> [What the exercise asks]: Look through the entries that follow and return each line that has the string "وتوصيل".

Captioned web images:
====

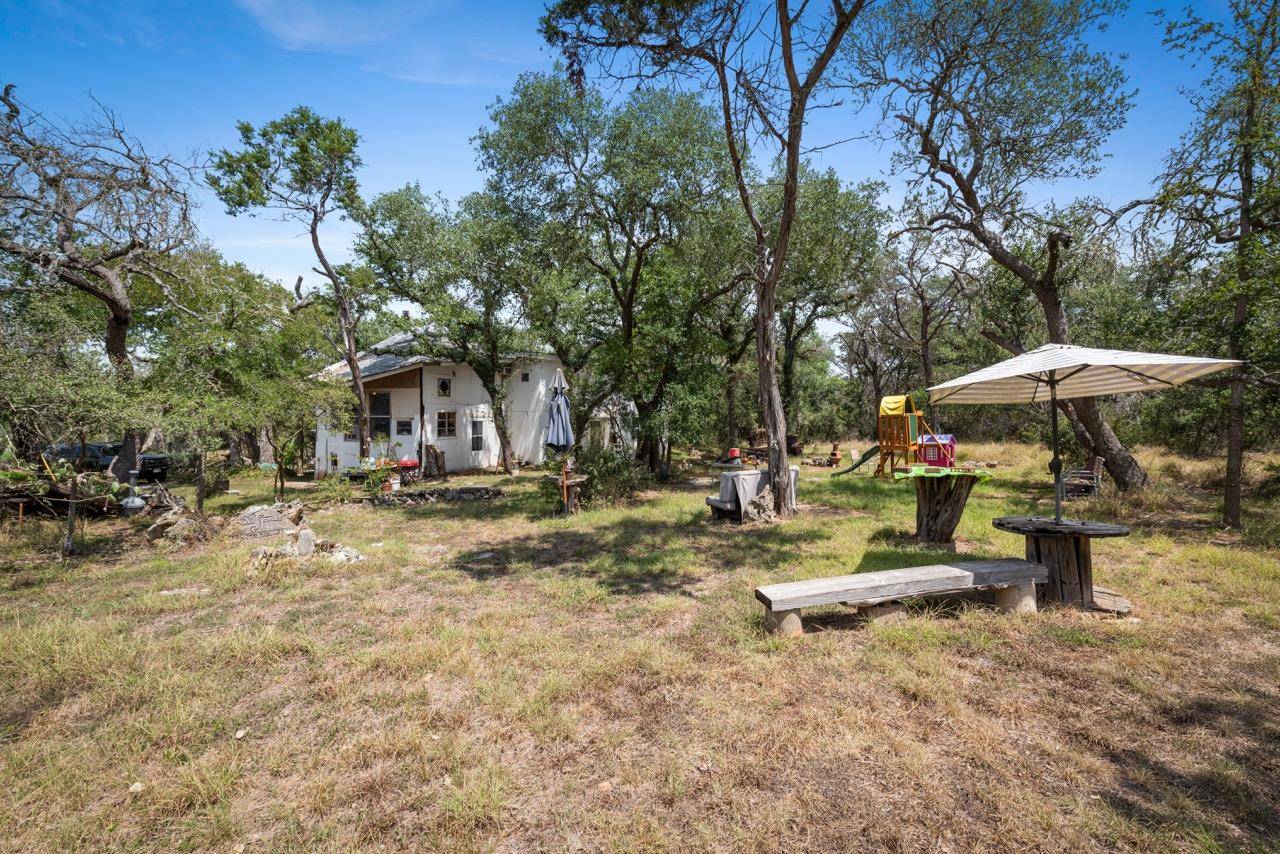501 Limestone LN, Driftwood, TX 78619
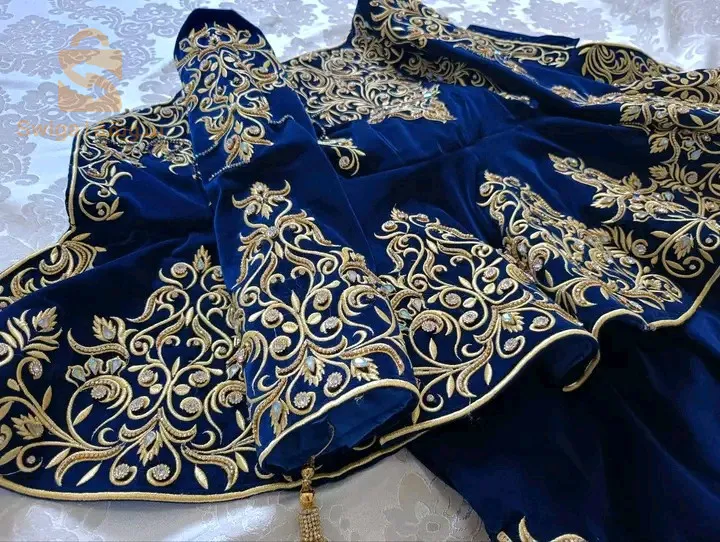 كيما وعدتكم نوفي بوعدي 💍🥀
اذا مدرتيش هدا في تصديرتك غير مكلاه تقوليلهم موتو 🤭🤭😂
كراكو مودال لي راهو داير حالة 
شعرة حرة وعقاش حر مخيط خيط وبرا 
قماش كاين 4 انواع 
قطيفة جبوناز وستان وكراب سعر 3ملاين وتوصيل مجاني 
قطيفة المون 38000دج وتوصيل مجاني 
الالوان 
نواغ وقرونة وغوز فوشيا وبلو غوا وبلونوي وباج غوزي واحمر واخضر وفاغ دو وبلو بترولي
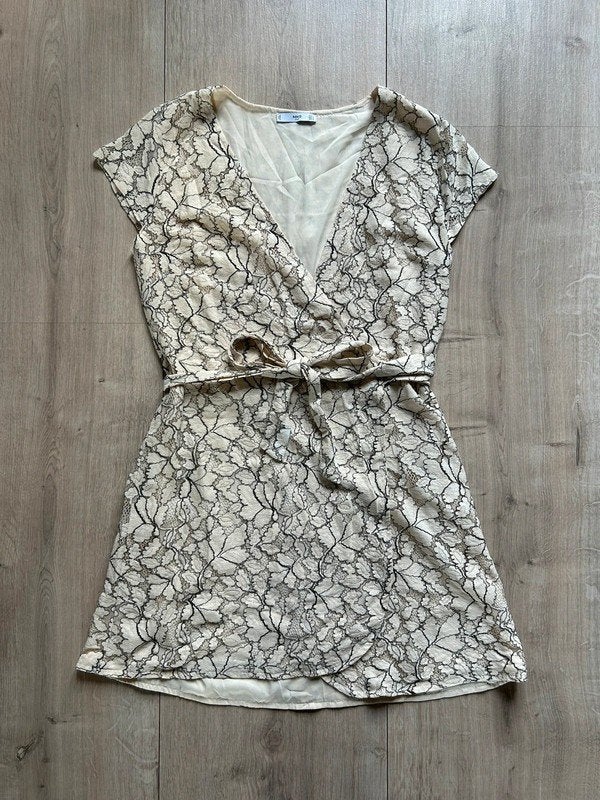 MNG Suit jurkje - maat L - nieuwstaat - overslagmodel, Nieuw, Ophalen of Verzenden, Maat 34 (XS) of kleiner, Boven de knie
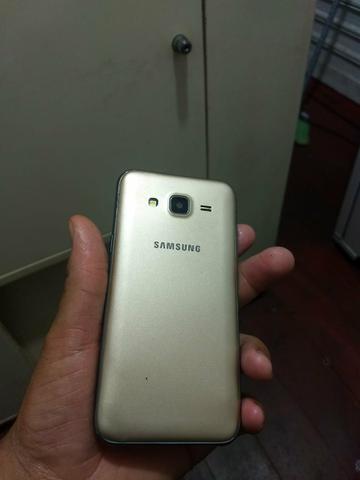 J5 normal Novo dourado 4G - Foto 2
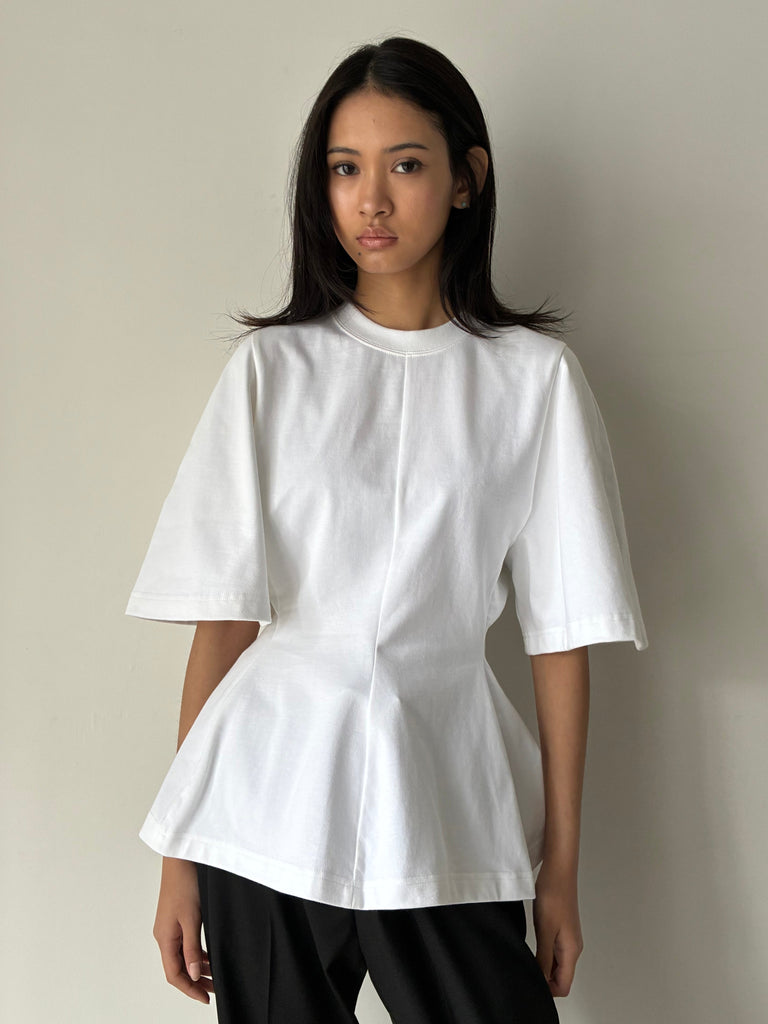 SHAPED TSHIRT WHITE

====

> [Task solution]:
قطيفة جبوناز وستان وكراب سعر 3ملاين وتوصيل مجاني 
قطيفة المون 38000دج وتوصيل مجاني 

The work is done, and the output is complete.